Because of its implication on public health, poverty reduction, economic and social development, and the environment, the Government of Nepal (GoN) has set a national target to provide basic sanitation facilities to all by 2017.
To fulfill this target also to achieve the Millennium Development Goals; GoN is working in collaboration with different UN agencies, especially WHO, UNICEF and UN-Habitat as well as I/NGO’s, private sector organizations, academic institutions.
The actual scenario shows about one-third of the 75 districts have sanitation coverage of less than 20% (10 districts in the Tarai and 14 in the hills and mountains).
The coverage among the rich people is 80% whereas it is just 12% among the poor.
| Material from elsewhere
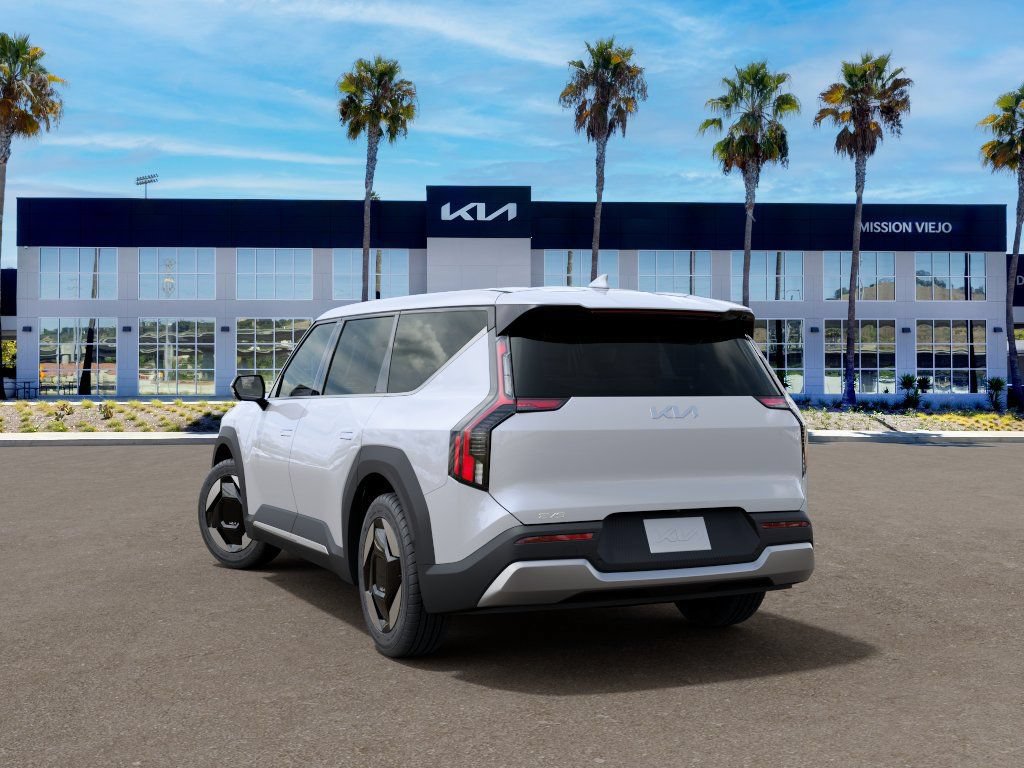 New 2026 Kia EV9 Light RWD image 4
Similarly, the coverage in rural areas is 21% and 53% in urban areas. Among the public and community schools, only 41% of them have toilet facilities. However, only two-thirds of the schools have sufficient facilities and one-fourth have separate facilities for girls.
Nepal continues to bear the loss of some Rs. 10 billion annually in terms of health expenses, loss of productivity and adverse effects on tourism due to poor hygiene and environmental sanitation. Children and women among the poor and disadvantaged communities are the most affected. It has given a great setback to the dignity, identity and pride of the people. Some barriers and challenges for the slow progress on hygienic sanitation could be summarized as follows: There is a lack of uniform approaches on financing for hygiene and sanitation It is least prioritized within the national budget, and investment in the water and sanitation sector is inadequate to keep pace with the overall rise of global aid. That has made mainstreaming poor, disadvantaged and high risk group difficult.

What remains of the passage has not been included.